Retype the whole listing exactly. Leave out pictures.

▸ Source material:
☆ ☆ ☆ ☆ ☆ ☆ ☆
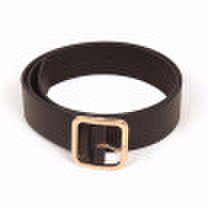 Women Classic And Retro Square Metal Pin Buckle Belt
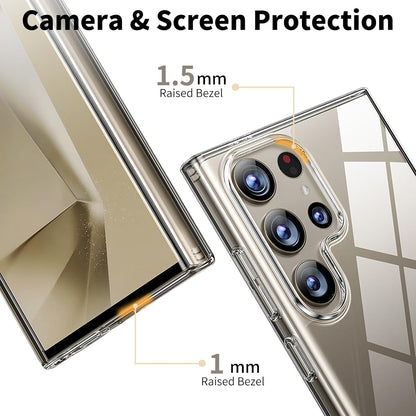 PROTECT  Samsung S24 Ultra Lucid Phone Case, Anti Scratch, Bundle, Screen Protector included, Protective, Clear, LSAMS24U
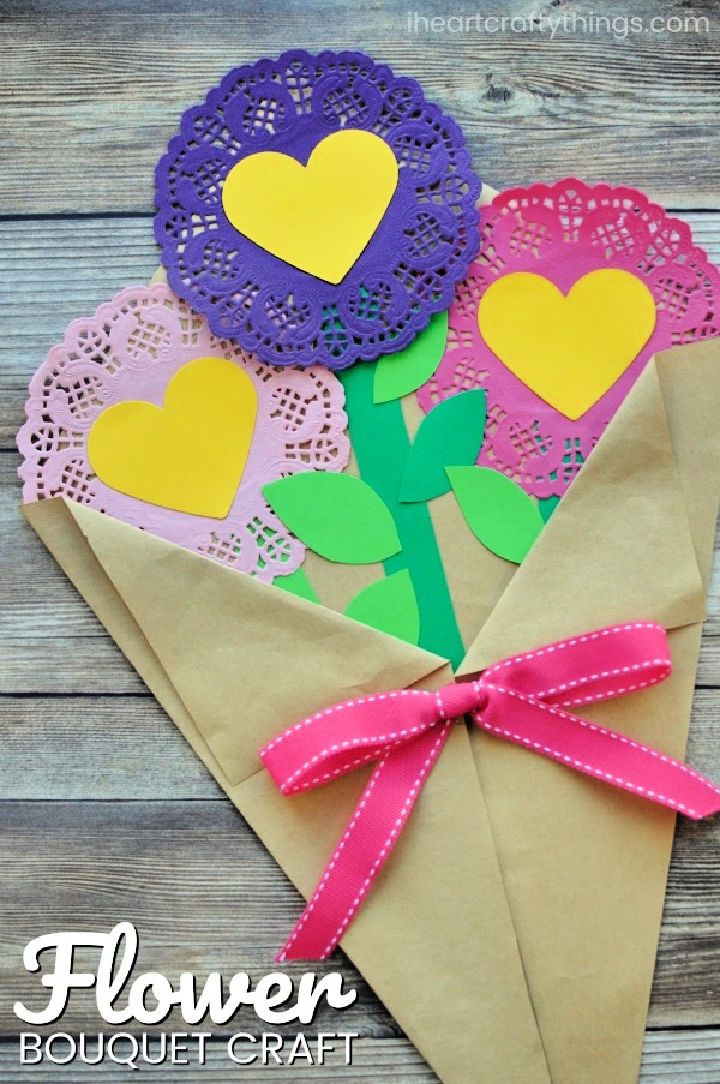 Valentine's Day Paper Flowers Craft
☆ ☆ ☆ ☆ ☆ ☆ ☆
▸ Task result:
 Women Classic And Retro Square Metal Pin Buckle Belt
 PROTECT  Samsung S24 Ultra Lucid Phone Case, Anti Scratch, Bundle, Screen Protector included, Protective, Clear, LSAMS24U
 Valentine's Day Paper Flowers Craft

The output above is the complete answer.